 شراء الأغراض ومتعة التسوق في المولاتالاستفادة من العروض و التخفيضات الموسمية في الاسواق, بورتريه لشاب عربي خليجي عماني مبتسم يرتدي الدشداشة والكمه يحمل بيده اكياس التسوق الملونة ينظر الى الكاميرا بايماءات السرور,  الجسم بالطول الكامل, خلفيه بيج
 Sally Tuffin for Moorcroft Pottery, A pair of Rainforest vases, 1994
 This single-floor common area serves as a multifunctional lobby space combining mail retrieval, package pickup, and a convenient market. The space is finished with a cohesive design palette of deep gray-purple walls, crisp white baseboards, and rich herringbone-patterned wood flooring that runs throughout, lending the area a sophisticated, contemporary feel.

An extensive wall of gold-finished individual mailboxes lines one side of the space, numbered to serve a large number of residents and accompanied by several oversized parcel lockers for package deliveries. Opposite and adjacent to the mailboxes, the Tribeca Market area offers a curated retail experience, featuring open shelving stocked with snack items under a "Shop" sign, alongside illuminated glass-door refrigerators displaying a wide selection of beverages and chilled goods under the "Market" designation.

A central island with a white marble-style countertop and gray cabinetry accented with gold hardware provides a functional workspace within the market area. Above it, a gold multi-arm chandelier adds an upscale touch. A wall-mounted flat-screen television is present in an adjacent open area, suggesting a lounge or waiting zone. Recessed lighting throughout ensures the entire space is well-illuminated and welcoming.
________________________
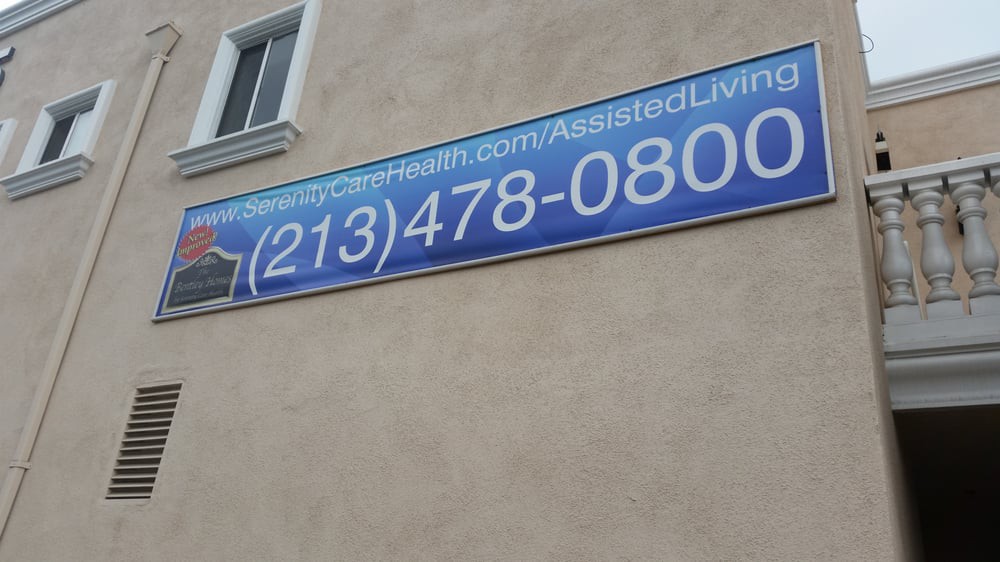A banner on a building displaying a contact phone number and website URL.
________________________
__EXERCISE OBJECTIVE__.
Which lines in the records above include the word "throughout"? Copy them out.

__ANSWER TO THIS PROBLEM__.
 This single-floor common area serves as a multifunctional lobby space combining mail retrieval, package pickup, and a convenient market. The space is finished with a cohesive design palette of deep gray-purple walls, crisp white baseboards, and rich herringbone-patterned wood flooring that runs throughout, lending the area a sophisticated, contemporary feel.
A central island with a white marble-style countertop and gray cabinetry accented with gold hardware provides a functional workspace within the market area. Above it, a gold multi-arm chandelier adds an upscale touch. A wall-mounted flat-screen television is present in an adjacent open area, suggesting a lounge or waiting zone. Recessed lighting throughout ensures the entire space is well-illuminated and welcoming.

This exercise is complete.